(Short descriptive text snippets)
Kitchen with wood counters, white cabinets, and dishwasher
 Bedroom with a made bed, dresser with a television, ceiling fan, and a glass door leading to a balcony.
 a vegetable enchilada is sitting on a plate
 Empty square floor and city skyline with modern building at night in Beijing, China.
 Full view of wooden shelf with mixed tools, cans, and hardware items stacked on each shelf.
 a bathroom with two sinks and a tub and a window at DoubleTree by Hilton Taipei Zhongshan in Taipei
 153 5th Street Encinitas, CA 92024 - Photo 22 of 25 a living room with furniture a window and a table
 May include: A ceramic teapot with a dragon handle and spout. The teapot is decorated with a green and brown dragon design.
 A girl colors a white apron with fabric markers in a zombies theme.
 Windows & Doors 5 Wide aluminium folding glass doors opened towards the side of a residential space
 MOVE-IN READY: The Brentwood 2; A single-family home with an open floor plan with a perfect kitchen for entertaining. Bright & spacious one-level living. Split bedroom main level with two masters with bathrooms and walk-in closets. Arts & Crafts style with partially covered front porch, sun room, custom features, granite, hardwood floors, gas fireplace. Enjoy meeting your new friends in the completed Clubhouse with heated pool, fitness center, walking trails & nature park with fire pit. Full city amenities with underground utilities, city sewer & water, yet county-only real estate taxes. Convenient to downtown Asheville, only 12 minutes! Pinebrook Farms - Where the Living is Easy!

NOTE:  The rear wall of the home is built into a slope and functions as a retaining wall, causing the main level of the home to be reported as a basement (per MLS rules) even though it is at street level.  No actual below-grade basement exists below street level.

Work order: In the data above, retype exactly and only the lines between the one holding "a bathroom with" and the one holding "153 5th Street", inclusive.

Response:
 a bathroom with two sinks and a tub and a window at DoubleTree by Hilton Taipei Zhongshan in Taipei
 153 5th Street Encinitas, CA 92024 - Photo 22 of 25 a living room with furniture a window and a table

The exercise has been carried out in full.